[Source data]
━━━━━━━━━━

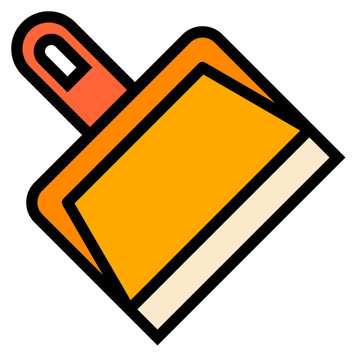 recommend clip art: Dustpan sweep broom - filled outline icon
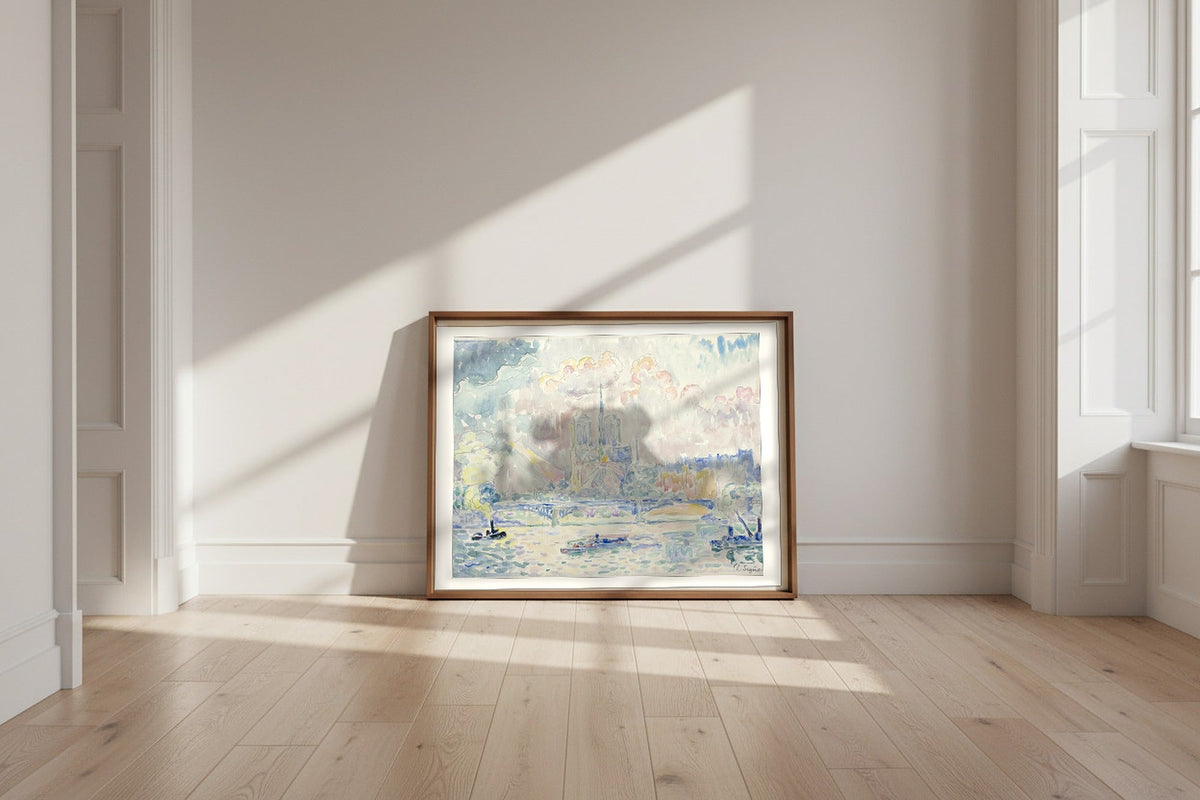 Notre Dame — Paul Signac Fine Art Poster shown framed and leaning against a wall in a sunlit room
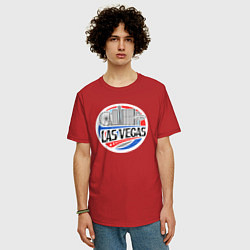 Футболка оверсайз мужская Город Лас-Вегас, цвет: красный — фото 2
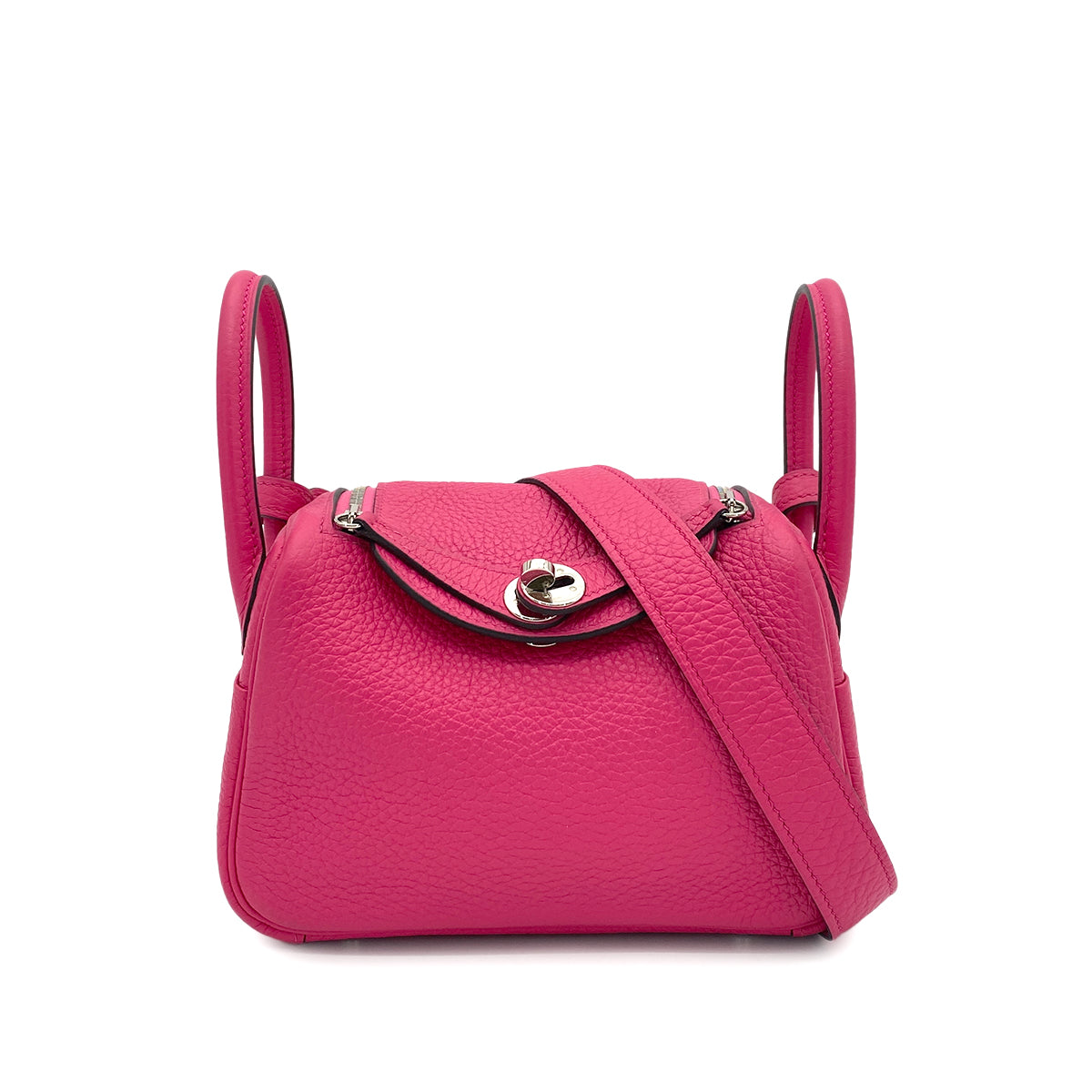 HERMES LINDY MINI 20 FRAMBOISE TAURILLON CLEMENCE SHOULDER BAG Z SHW 90266143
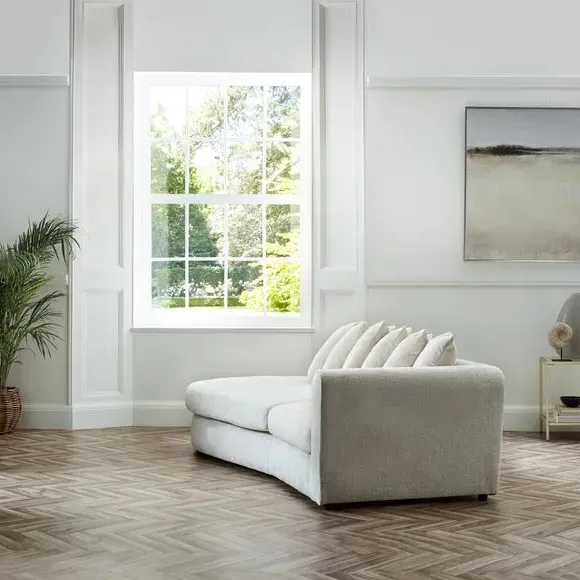 Corner Chaise with Curved Arms - Natural, Chenille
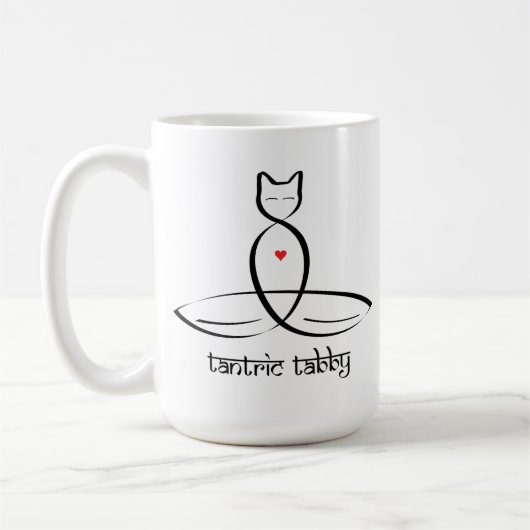 Mug Tantric Tabby - Texte de style sanscrit. (Gauche)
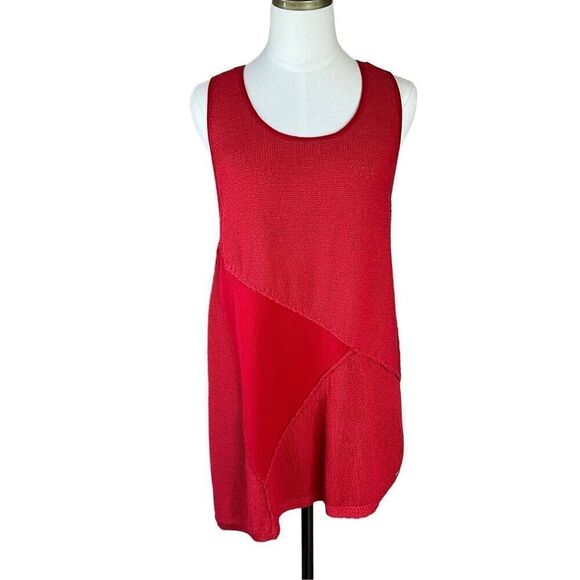 Donna Karan NY Black Label Large Sleeveless Sweater Red Asymmetrical Hem  NWT - Picture 1 of 16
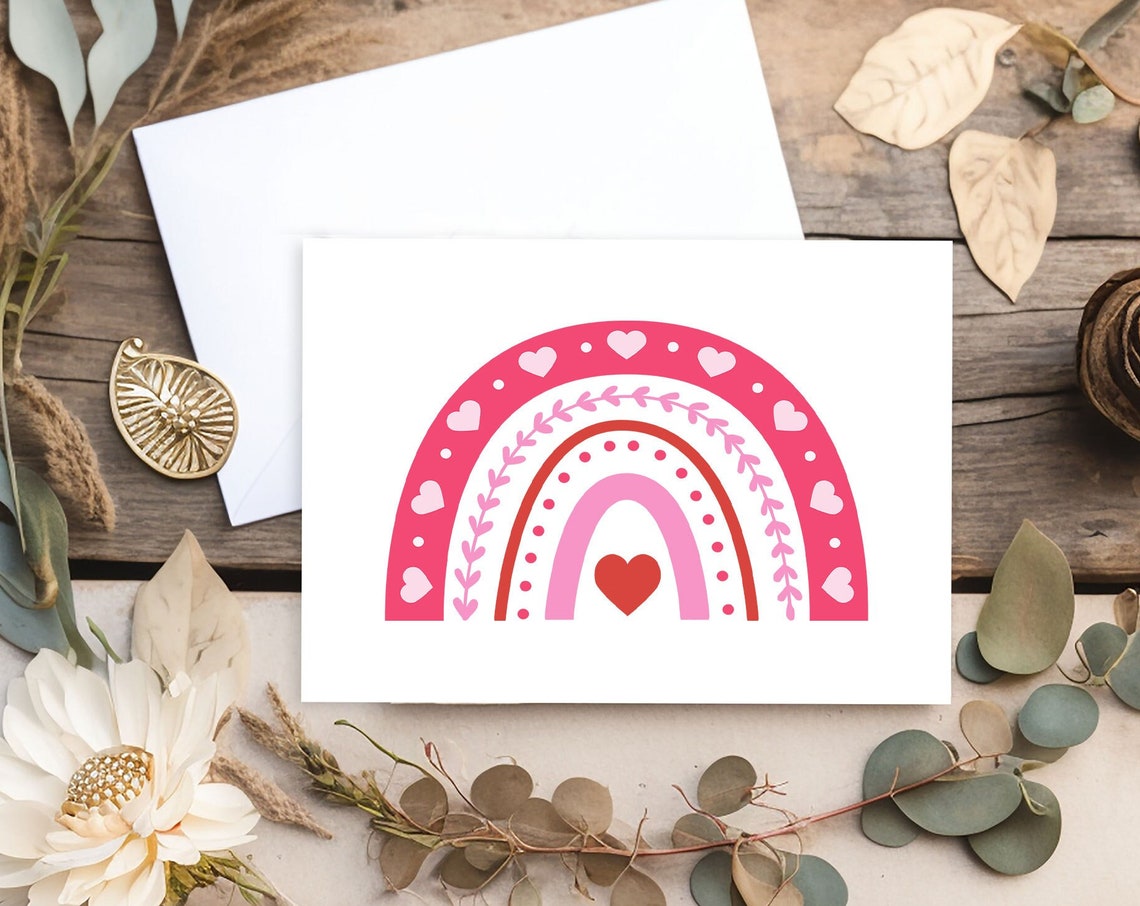 Pink Heart Rainbow Illustration Valentine Greeting Card Art Print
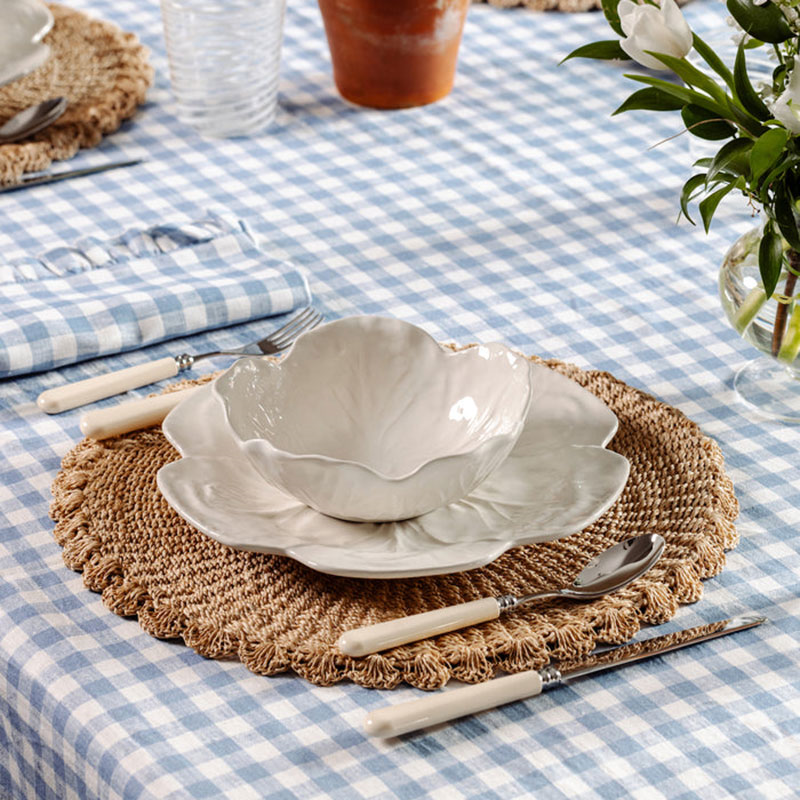 Scalloped Abaca Placemat, D38cm, Natural-4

━━━━━━━━━━

What is needed is an exact copy of all the records, minus any pictures.

--- Written answer ---
 recommend clip art: Dustpan sweep broom - filled outline icon
 Notre Dame — Paul Signac Fine Art Poster shown framed and leaning against a wall in a sunlit room
 Футболка оверсайз мужская Город Лас-Вегас, цвет: красный — фото 2
 HERMES LINDY MINI 20 FRAMBOISE TAURILLON CLEMENCE SHOULDER BAG Z SHW 90266143
 Corner Chaise with Curved Arms - Natural, Chenille
 Mug Tantric Tabby - Texte de style sanscrit. (Gauche)
 Donna Karan NY Black Label Large Sleeveless Sweater Red Asymmetrical Hem  NWT - Picture 1 of 16
 Pink Heart Rainbow Illustration Valentine Greeting Card Art Print
 Scalloped Abaca Placemat, D38cm, Natural-4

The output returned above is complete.